| It's actually "accountability" that's a big part of the problem. Government procurement is so focused on the appearance of fairness and money saving that all other goals, like actually getting something that works, take a back seat. You end up with over-specified requirements that remove the possibility of innovative or creative solutions. Providers are treated like a commodity, where it is assumed that all will do the same job, and cost is the only real negotiation point, maybe with some kind of scoring grid against the over-specified requirements thrown in. And the procurement decisions are made by procurement officers who are not the actual users of what is being bought (in the name of objectivity). So what happens, on a good day, is that the operational users in the purchasing department work with the preferred vendor to "wire" the RFP to reflect the scope or work that is wanted and add requirements (e.g. years of very specific experience, past projects) that heavily favor the preferred vendor. At least this way the department may get something they want, thought it obviously can be gamed. Worse though is that many contracts just go to lowest cost staffing firms that are optimized to comply with government procurement requirements and provide the minimum set of bodies that meet those requirements, usually former government folks rented back, plus some low cost IT resources, that are there to execute to the letter of what the government has over-specified, usually something that wont actually work as written. This is why so much government procurement is a failure by any objective measure. What I have seen work is when a vendor provides a credible unsolicited pitch to a known problem at a fixed cost, and the relevant departments are forced to decide if it makes sense. In Canada we had a major one like that a few years ago, the outcome was great for the department that needed it, but careers were destroyed in the process as politicians and their incumbent friends pushed back to try and stop it. |
And to be clear, there's a good reason for it: it's to prevent corruption.
If things aren't overspecified and providers aren't treated like a commodity, then it's incredibly hard to prove that a government official actually awarded a contract in a fair process, rather than just sending it over to their best friend's business.

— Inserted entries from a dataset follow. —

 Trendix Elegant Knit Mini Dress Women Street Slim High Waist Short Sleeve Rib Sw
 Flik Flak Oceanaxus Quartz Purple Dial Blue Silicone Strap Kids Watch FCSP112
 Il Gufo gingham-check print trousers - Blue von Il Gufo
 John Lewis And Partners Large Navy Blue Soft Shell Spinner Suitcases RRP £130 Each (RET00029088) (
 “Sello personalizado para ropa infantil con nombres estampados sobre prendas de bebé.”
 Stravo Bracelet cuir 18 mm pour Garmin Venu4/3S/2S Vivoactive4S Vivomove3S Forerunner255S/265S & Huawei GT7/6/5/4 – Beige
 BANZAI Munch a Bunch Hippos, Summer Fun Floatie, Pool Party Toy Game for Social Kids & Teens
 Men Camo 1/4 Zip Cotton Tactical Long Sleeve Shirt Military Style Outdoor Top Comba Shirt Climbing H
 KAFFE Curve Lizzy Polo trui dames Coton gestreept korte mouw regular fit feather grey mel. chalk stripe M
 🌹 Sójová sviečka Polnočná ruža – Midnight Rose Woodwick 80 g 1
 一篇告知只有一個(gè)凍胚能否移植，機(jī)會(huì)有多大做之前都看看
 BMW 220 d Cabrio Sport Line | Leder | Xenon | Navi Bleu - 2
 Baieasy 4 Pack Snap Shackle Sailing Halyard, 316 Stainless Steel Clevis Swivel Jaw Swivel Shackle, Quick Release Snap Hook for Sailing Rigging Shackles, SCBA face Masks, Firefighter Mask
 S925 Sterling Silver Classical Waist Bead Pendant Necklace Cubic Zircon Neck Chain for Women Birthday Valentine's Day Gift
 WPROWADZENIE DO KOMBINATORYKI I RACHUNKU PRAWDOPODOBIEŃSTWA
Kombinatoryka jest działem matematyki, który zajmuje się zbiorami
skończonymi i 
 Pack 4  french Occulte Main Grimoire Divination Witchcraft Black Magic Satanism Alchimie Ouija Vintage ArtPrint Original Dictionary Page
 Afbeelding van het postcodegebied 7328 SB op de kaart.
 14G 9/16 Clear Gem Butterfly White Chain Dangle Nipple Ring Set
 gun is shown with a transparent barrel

Unfortunately, nobody's really come up with any reliable process for having the flexibility to get good products for good value, while reliably preventing corruption. And when there aren't these ironclad protections against corruption, experience shows it turns endemic, so much money flows through the government.
It's a seriously tough problem.
The reason it doesn't exist in the private sector is that the chain of accountability from managers to CEO to board seats is actually quite strong, and shareholders are incredibly motivated to extract profits. The accountability to voters in a democracy, on the otherhand, is far, far, far weaker -- as voters vote primarily along party lines or on only the absolute biggest hot-button issues.